Each team from 57 countries had its own tent with camels standing by in case anyone wanted to go for a ride. Dubai shopping malls offer visitors experiences not generally associated with the Persian Gulf, including skiing and snorkeling.
“One day you’re jumping out over the Palm Jumeirah and the next day you’re hanging with the sharks and the next day skiing indoors.”
But for Campbell, it wasn’t about the frills so much. It was about cresting the summit on a journey that began in 1976 when he started competitive freestyle skiing right out of high school. By 1986, he made the national development team during his final year of university. There was pro touring, the chance to represent Canada and a world record ski jump.
“It was unbelievably exciting.”
Then knee injuries — for which freestyle is notorious — caught up with him. He moved on to full-contact martial arts and dove into paraskiing — jumping off high mountains wearing skis and a light parachute. He was part of the national team at the Europa Cup during that phase.
He tried other adrenaline-laced sports, including base-jumping from El Capitan in Yosemite National Park, Calif., which landed him in trouble with the law.
“I certainly wouldn’t advocate anybody doing that.”
In the ’90s, he shifted his focus to formation skydiving with the goal of qualifying for a world cup event. That chance came in 1995, when he was selected for the national team, but he got sick at the last minute and attended as an alternate.
He was picked again for the 2000 team, but during training season snapped an Achilles tendon while skiing, so he missed that one, too. Between ’95 and 2011, he ranked as a national skydiving champion five times, yet the world cup remained elusive until this fall.
“I feel incredibly lucky. After freestyle skiing, I think this was my one chance of getting to a world championship. I’d spent my body accordingly. I used up most of my nine lives in freestyle.”

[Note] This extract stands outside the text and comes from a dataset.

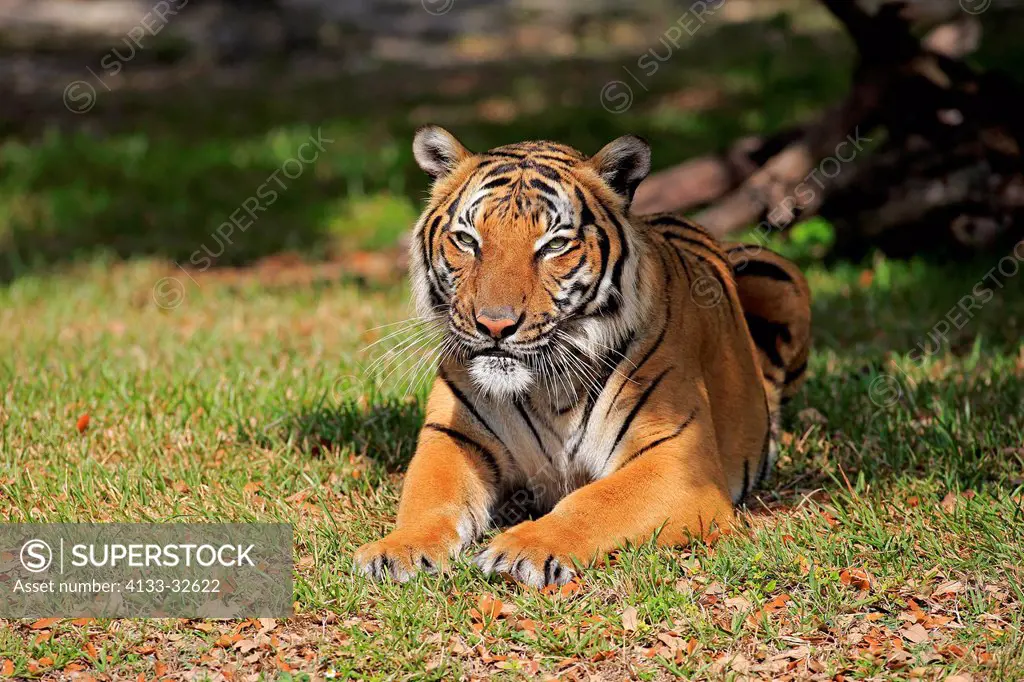 Indian Tiger, (Panthera tigris tigris), India, Asia, adult portrait resting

Just getting to Dubai was an enormous undertaking based on skydiving ability plus an expensive and time-consuming commitment to training.
It’s the most physically and mentally involving sport I’ve ever been in. I think because it recruits every spare inch of your body in flight control surface, a sort of fluid dynamics.”

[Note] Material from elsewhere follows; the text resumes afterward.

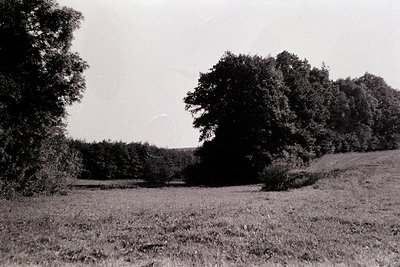 Black-and-white landscape featuring dense tree line framing a grassy field with subtle undulations. Overcast sky enhances mut...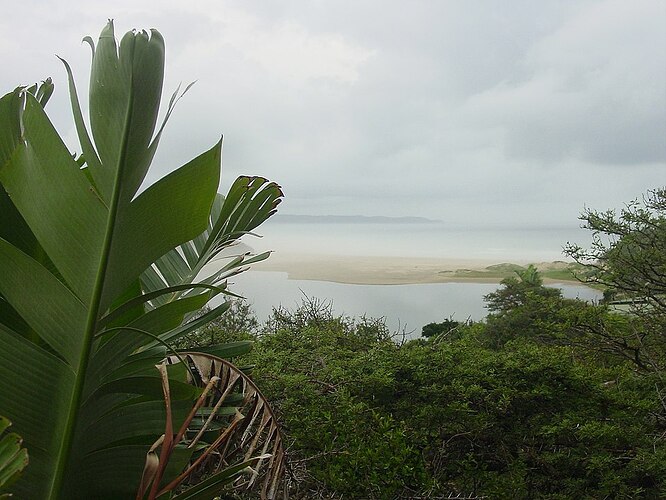 Coastal lagoon seen through fronds and bushes, the air looks misty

He sums it up as gravity-fuelled power.
“It’s like attaching 200 km/h jets to every part of your body. It’s a force that can be controlled exquisitely.”
At 54 — he was the eldest member of the team — he’s setting his sights on tamer adventures, perhaps with a more controlled flow of adrenaline. At the same time, he has found in skydiving a sport that nourishes his lifelong need without compromising his health.
“In a couple of weeks I’ll be eligible for seniors’ discounts. And I have grandkids. So I feel lucky that I was able to realize this dream.”
He credited his wife for lending him stalwart support through the years.
“But what I’d begun to see as a curse, it’s become a life’s dream come true. Maybe, in a curious way, there’s a reason why it took so long.”